For the last eighteen years, South Africa have had the luxury of a cricketer that can bat anywhere in the top order, a bowler who would easily be a third seamer in most other teams and a slip fielder you could bet your life on to catch anything coming his way. If ever a cricketer epitomised the definition of an all-rounder, it was Kallis.
As a batsman, just like Rahul Dravid was nicknamed ‘The Wall of India’, Kallis was ‘The Door of South Africa’. Many people have questioned his tactics and speed of batting, especially when South Africa were in a strong position. This criticism has all come about with the invention of Twenty20 cricket.
Due to the amount and speed at which runs are now scored in this format, pressure is undoubtedly increasing to replicate this same speed and batting numbers in other formats. This is why scores of 300 are now considered par in a fifty-over cricket match, whereas before a score of 300 would have meant almost certain victory for the side that posted it.
However, there is still and always will be room in cricket for solid technicians such as Kallis and Dravid. They are the players that provide the foundation for teams to build on. They often go unnoticed because they soak up all the pressure in a game scenario and allow more flamboyant players to express themselves and drive the game forward. Having said all this, Kallis still holds the record for the fastest Test half-century, which he got against Zimbabwe in 2004, facing only 24 balls.

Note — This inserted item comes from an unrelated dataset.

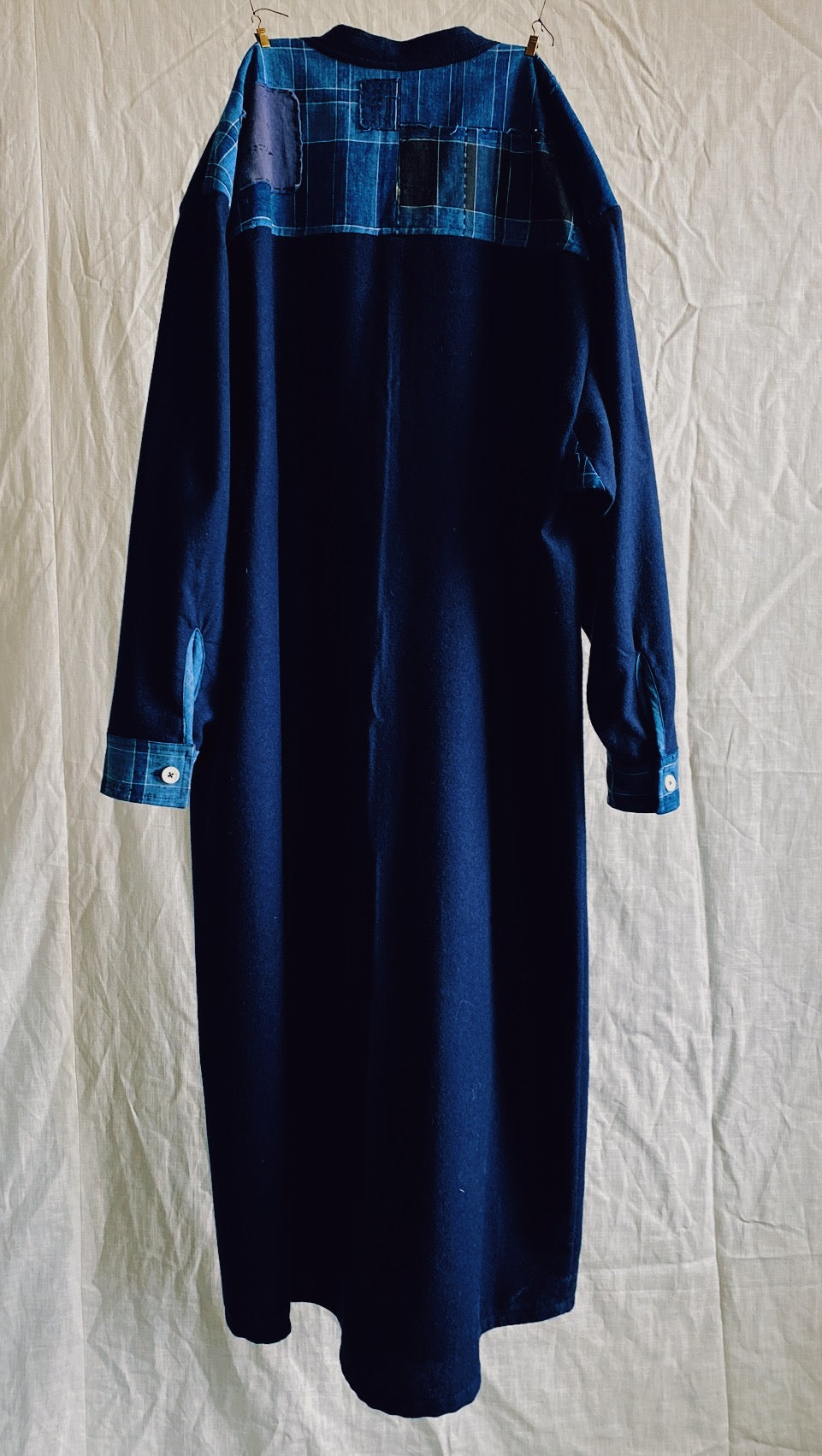 Nori shirtdress in wool / handloomed Japanese boro cloth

South African cricket has always been blessed with world-class fast bowlers. All the way from Neil Adcock and Peter Pollock in the 50s and 60s, Fanie de Villiers and Allan Donald in the 90s, right through to the current crop led by Dale Steyn and Morne Morkel. For Kallis to have been a part of this talented group and to have taken so many wickets is quite remarkable.
To many, Kallis’ bowling is of less importance than his batting. This is only true because of the sheer depth of fast bowlers South Africa had at their disposal during his career. In any other team or generation, Kallis would have easily slotted in as a third seamer, which would probably have had a negative effect on his batting due to the increased workload.

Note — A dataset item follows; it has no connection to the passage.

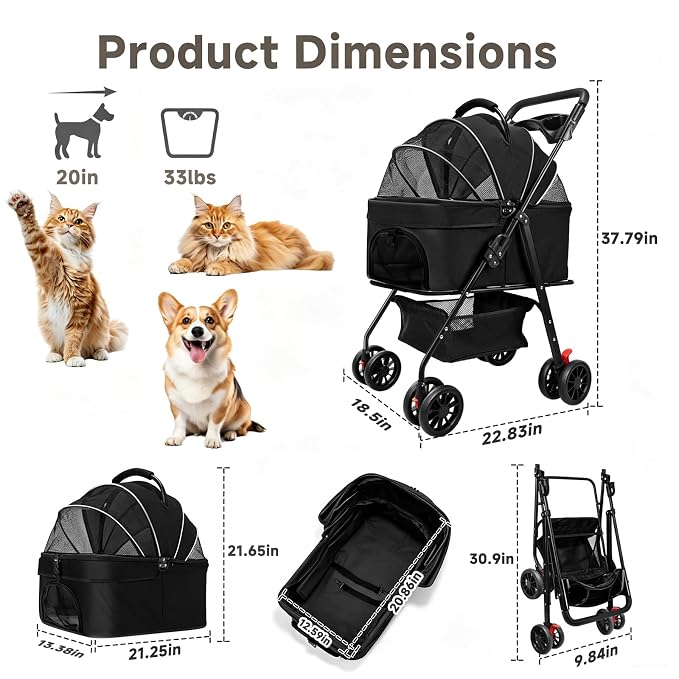 Pet Stroller for Small Dogs and Cats with 4 Wheels, 3 in 1 Foldable Dog Stroller with Detachable Carrier, Breathable Mesh, Storage Basket & Cup Holder, Up to 33 lbs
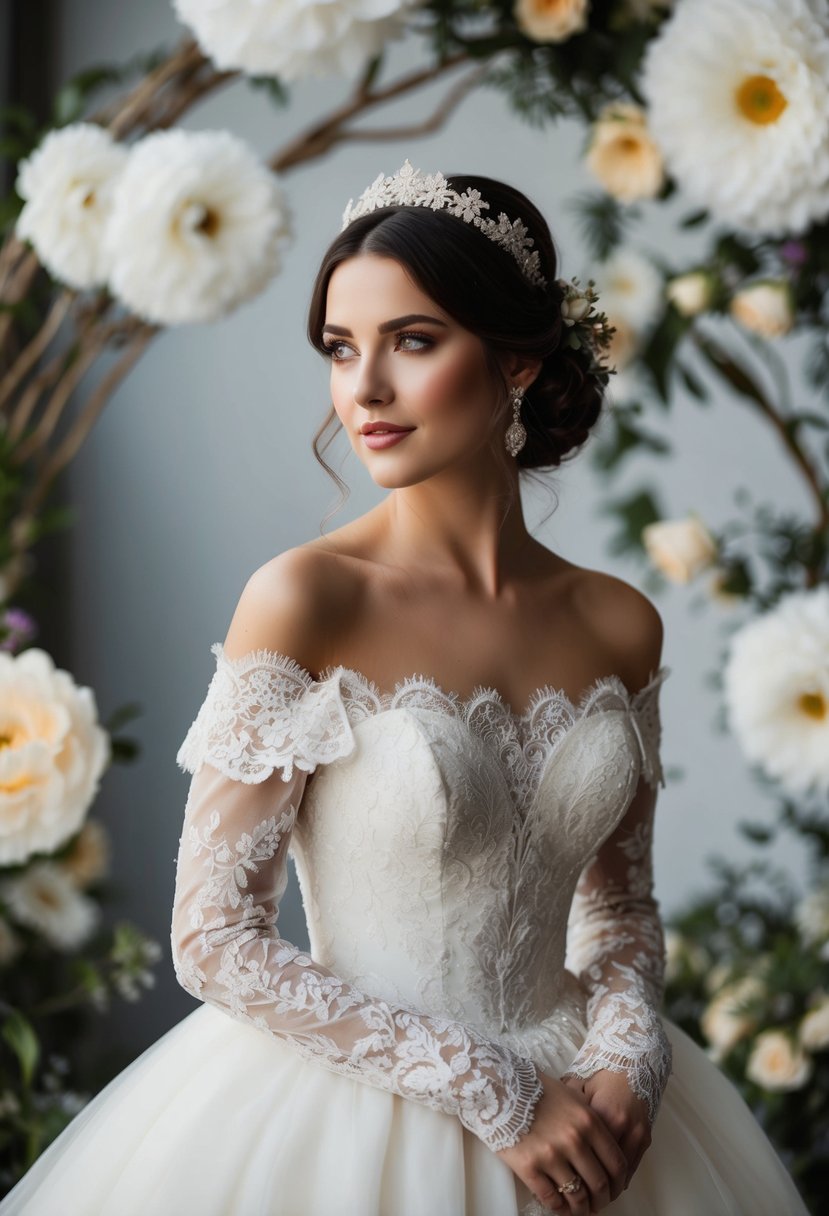 A bride in a vintage-inspired off-shoulder wedding dress, surrounded by delicate lace and floral details, with a touch of old-world elegance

Either way, I am sure that any young cricketer wanting to earn his or her trade as a fast bowler would happily accept the number of wickets Kallis has taken throughout his career.

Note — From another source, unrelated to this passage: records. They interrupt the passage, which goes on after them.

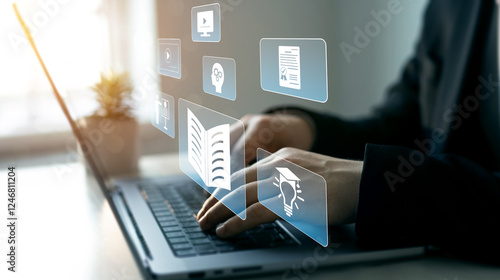 Digital internet lessons and online webinar on virtual screen.E-learning education.Education internet Technology.Business person who attends online lessons on a digital technology screen.	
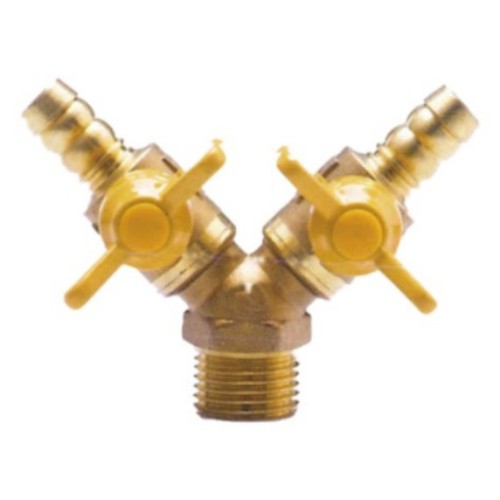 outside a second gas three-way valve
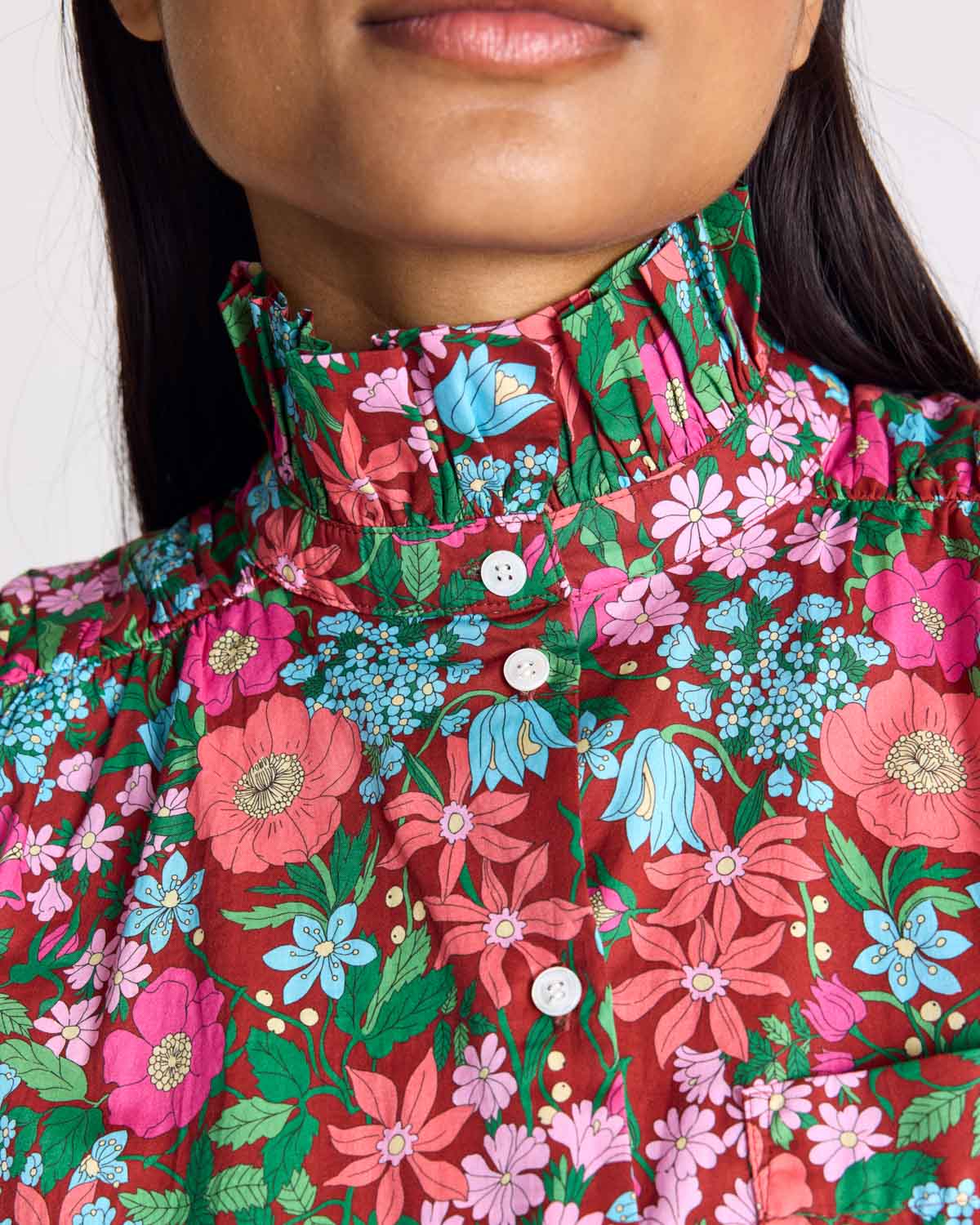 Chemise Leonor imprimé Liberty rose et bordeaux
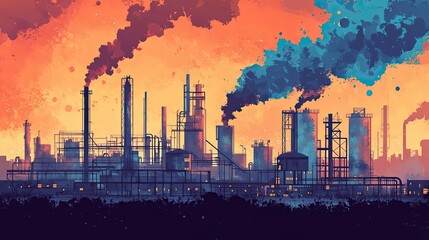 Industrial Complex at Sunset with Smoky Emissions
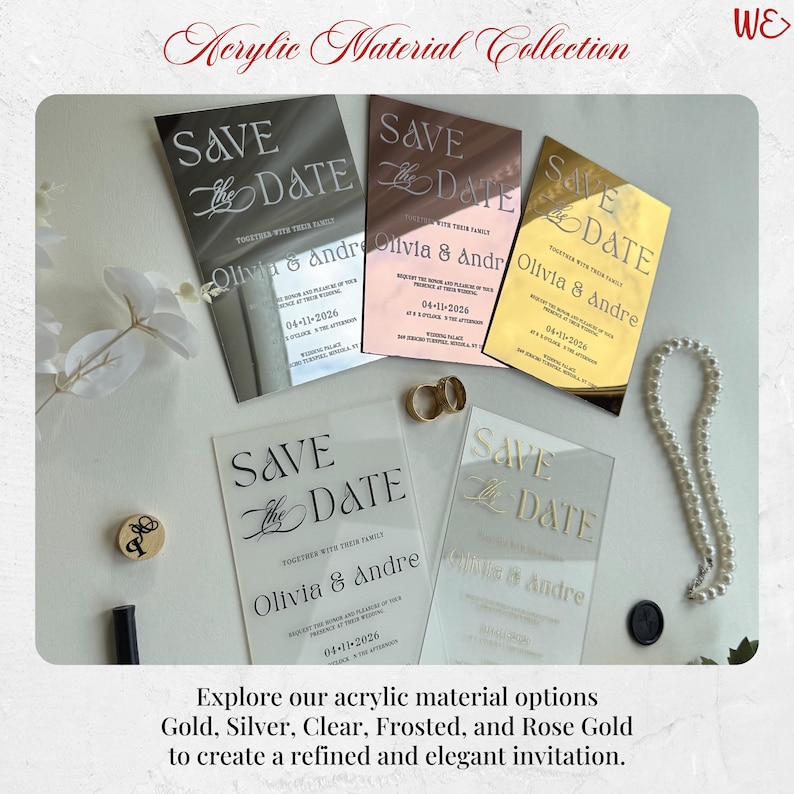 Mirror Gold Acrylic Wedding Invitation: Luxury Invitation Suite with RSVP Card, Wedding Details Insert and Floral Lined Envelope image 12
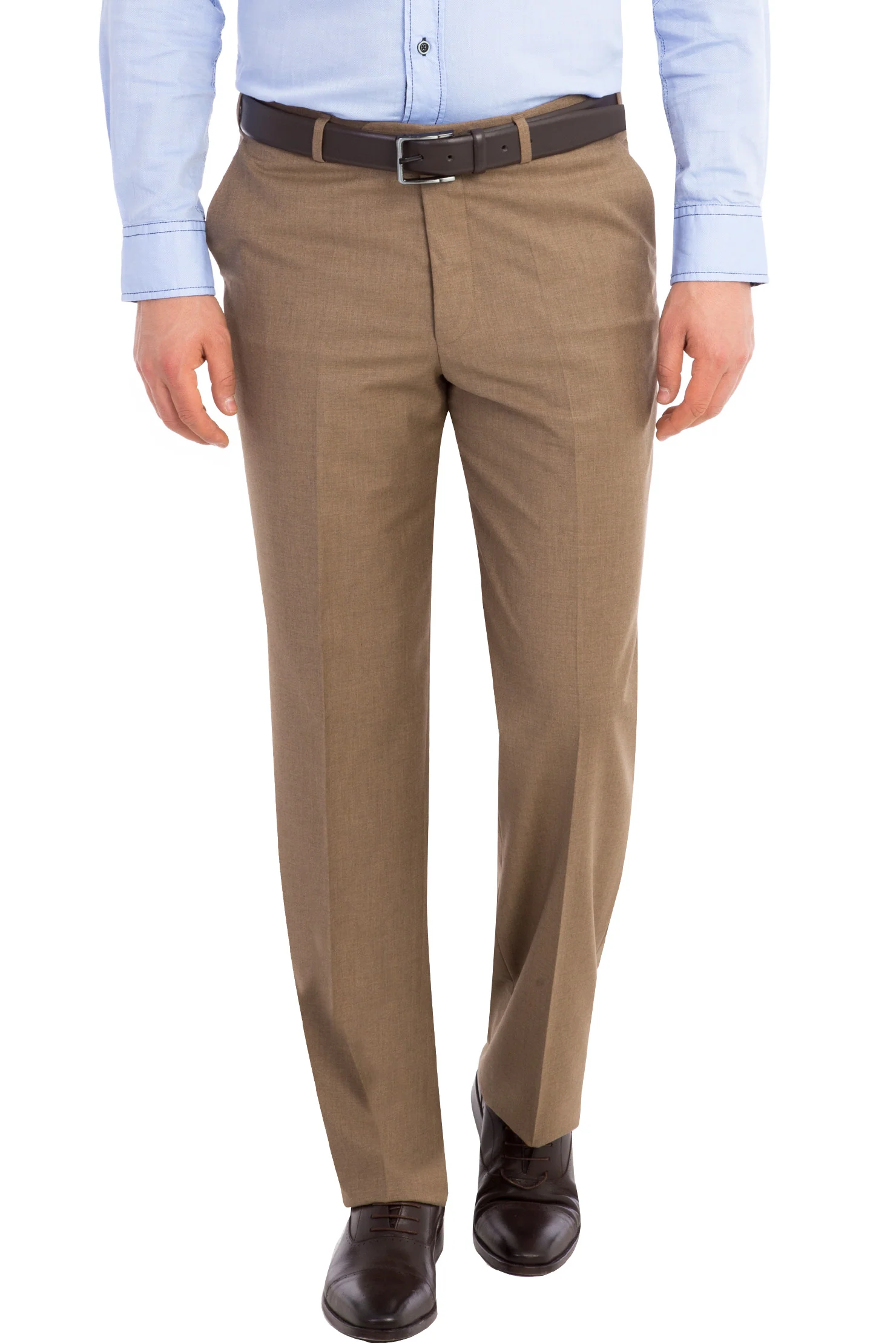 Açık Kahve - Camel 6 Drop Regular Fit Standart Kesim Klasik Kumaş Pantolon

Now picture this – you have a cricketer batting in the top order for your team; in addition, they may be required to bowl 10-15 overs a day; but, they are also fielding in one of the most important positions whilst the opposition bats.
The skills and levels of concentration required to successfully carry out even one of these tasks is immense, let alone all three. Kallis has been successfully carrying out all of these roles for his entire career.
His Test cricket statistics tell their own story – over 13,000 runs, placing him third in the all time list of most Test runs;over 250 Test wickets and exactly 200 outfield Test catches, just ten behind Dravid.
Perhaps most importantly, it is the manner in which Kallis has gone about his cricket that will be etched in my memory forever. An intimidating character standing well above six feet and heavily built, he has never taken advantage of his size and rarely lost his temper or let emotions get the better of him on the field. Off the field, he has always been calm and shied away from the limelight, very reminiscent of Ernie Els, the South African golfer nicknamed ‘the Big Easy’.
Even though records mean little to him, there are a number of things Kallis has not achieved which you would generally associate with a truly great cricketer. Two in particular stand out. The first is getting a hundred at Lord's and having your name printed on the Batting Honours List.
Due to his retirement from Tests and him not being needed in the Twenty20 format, this achievement seems beyond his grasp. The second is winning a limited overs cricket World Cup. Kallis has stated previously that he would like to target next year’s fifty-over World Cup as his final tournament. Therefore, he has one chance to rectify the second anomaly.
Just like India played their hearts out for Tendulkar in 2011, who, by the way is also not on the Lord's Batting Honours List, South Africa should do everything they can to give one of their greatest sporting sons a fairytale ending.
Having carried South African cricket for almost two decades, it is time South Africa carried Kallis over this final hurdle.